▶ WHAT IS REQUIRED:
Line by line, set down all the data below exactly, omitting any picture.

▶ INFORMATION PROVIDED:
•••
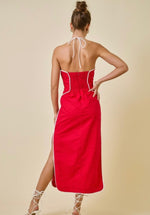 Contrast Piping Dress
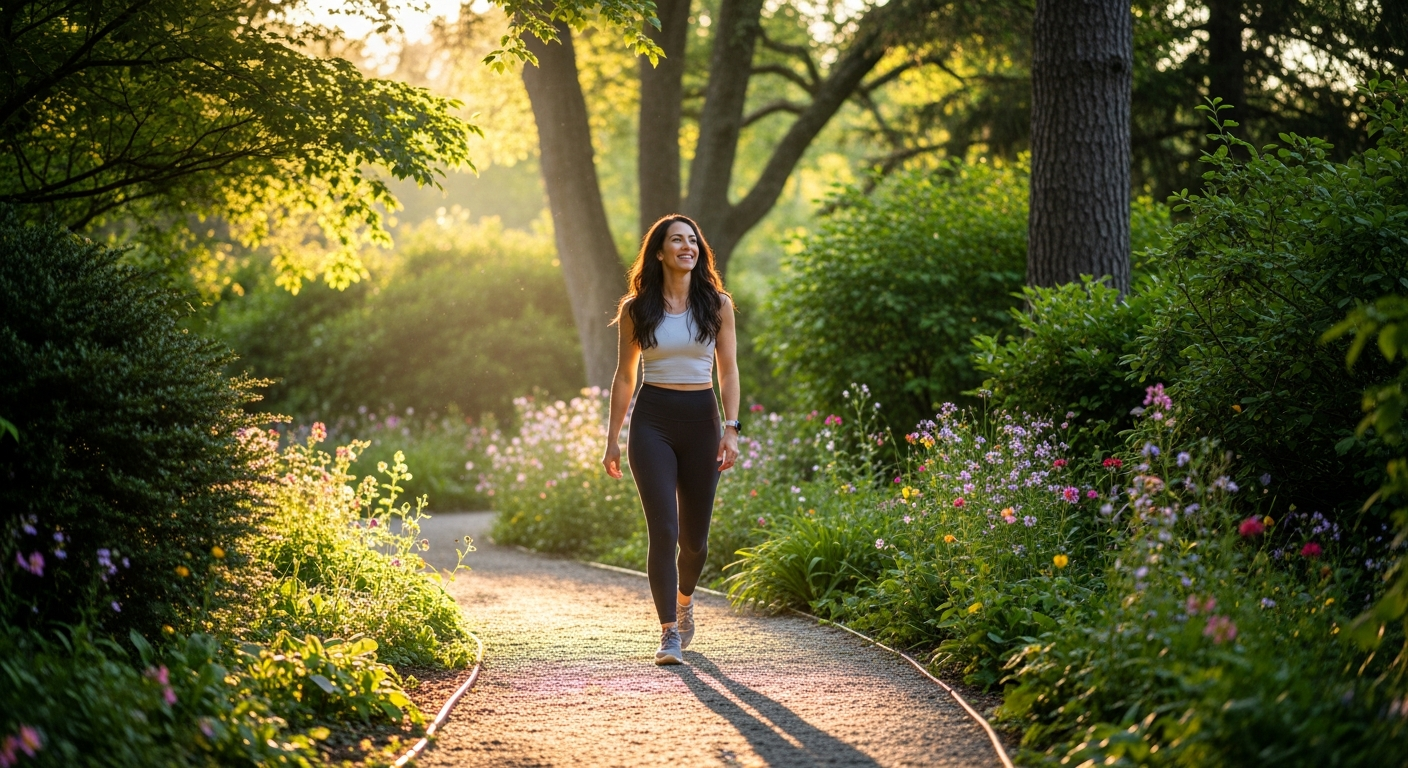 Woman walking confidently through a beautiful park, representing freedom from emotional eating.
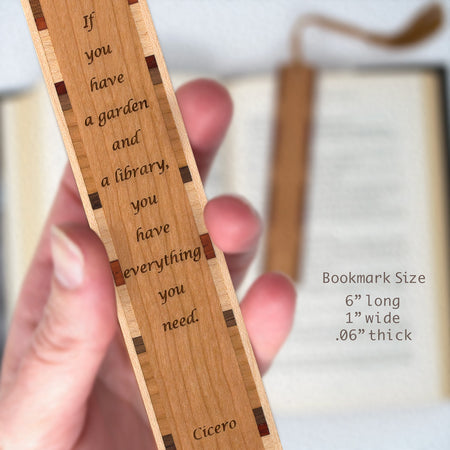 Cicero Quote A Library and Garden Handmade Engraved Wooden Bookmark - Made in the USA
•••
▶ EXERCISE RESPONSE:
 Contrast Piping Dress
 Woman walking confidently through a beautiful park, representing freedom from emotional eating.
 Cicero Quote A Library and Garden Handmade Engraved Wooden Bookmark - Made in the USA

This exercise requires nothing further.